On the other side it’s the same. Greens really should have increased their vote more with no Labor candidate and I absolutely think it indicates a swing against if Labor had run. They probably gained at least 7-8% from there being no Labor candidate. But, again that would be partially offset by losing 3-4% from the byelection factors.
This is why I think if it were a general election with Labor running and no byelection factors, the Liberals still would have got 36-37% but the Greens would have been 31-32%. But I also think Labor would have got a 23-24% vote with at least a 75-25 preference flow to the Greens.

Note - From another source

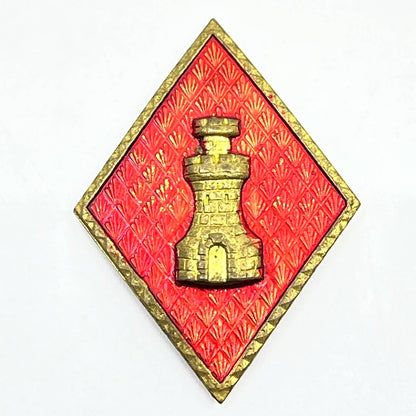 c1942 WWII Spanish Army Engineer Castle Metal Badge Insignia SE1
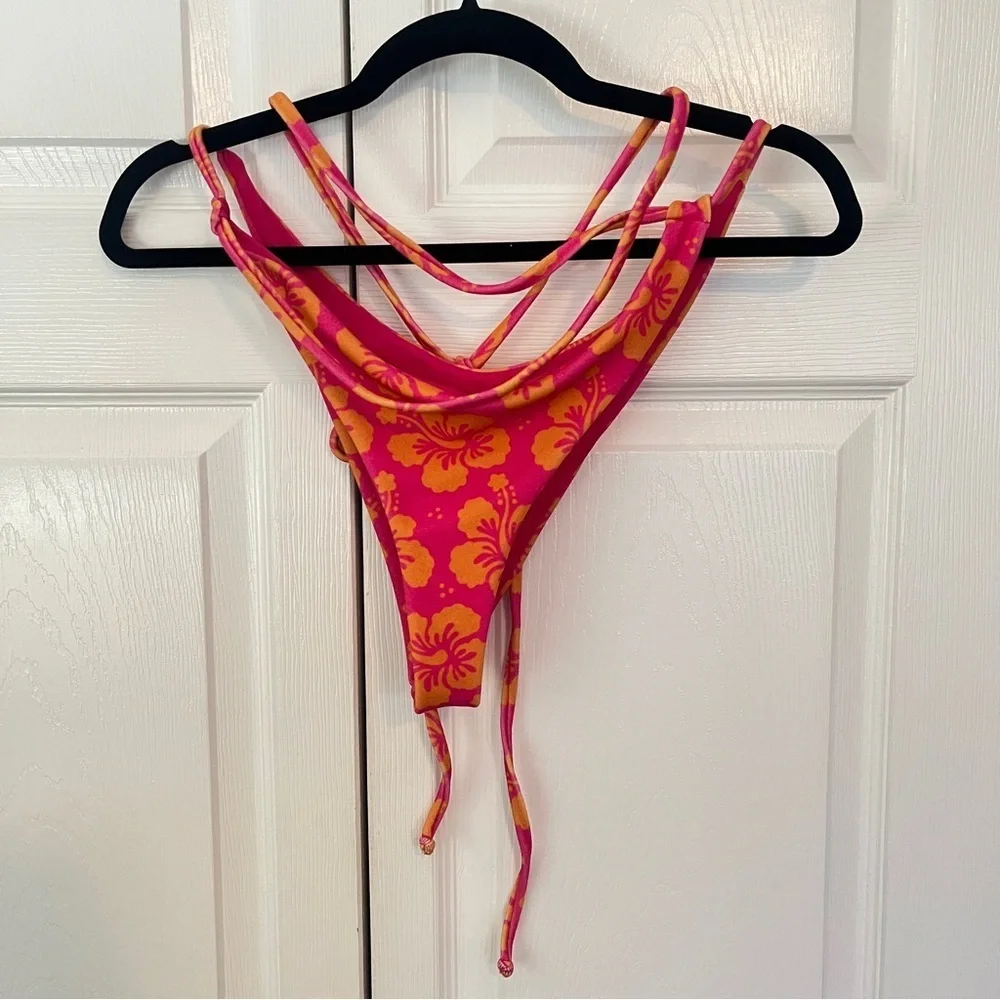 Frankies Bikinis Orange and Pink Terry Hibiscus 3 Piece Bikini Set Size L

And the Liberals aren’t competitive in that scenario.
I will hardly being talking instructions from a RWNJ toss pot like you Paul the A.
But thanks for proving my point about Nadia being a pin up for the united Anti Labor Party droogs on the board.
Ok Trent, fair enough. We’ll never know for sure! 🙂
Full preference distribution was done for Prahran today and final 2CP margin was 1.35%, a little less than the 1.6% from the provisional throw.
It’s definitely a small enough margin (427 votes) that any one of the byelection-specific factors alone could have flipped even before factoring in the lack of Labor preferences, let alone all of them compounding each other, which is why I think it should be a pretty comfortable Greens gain again next year.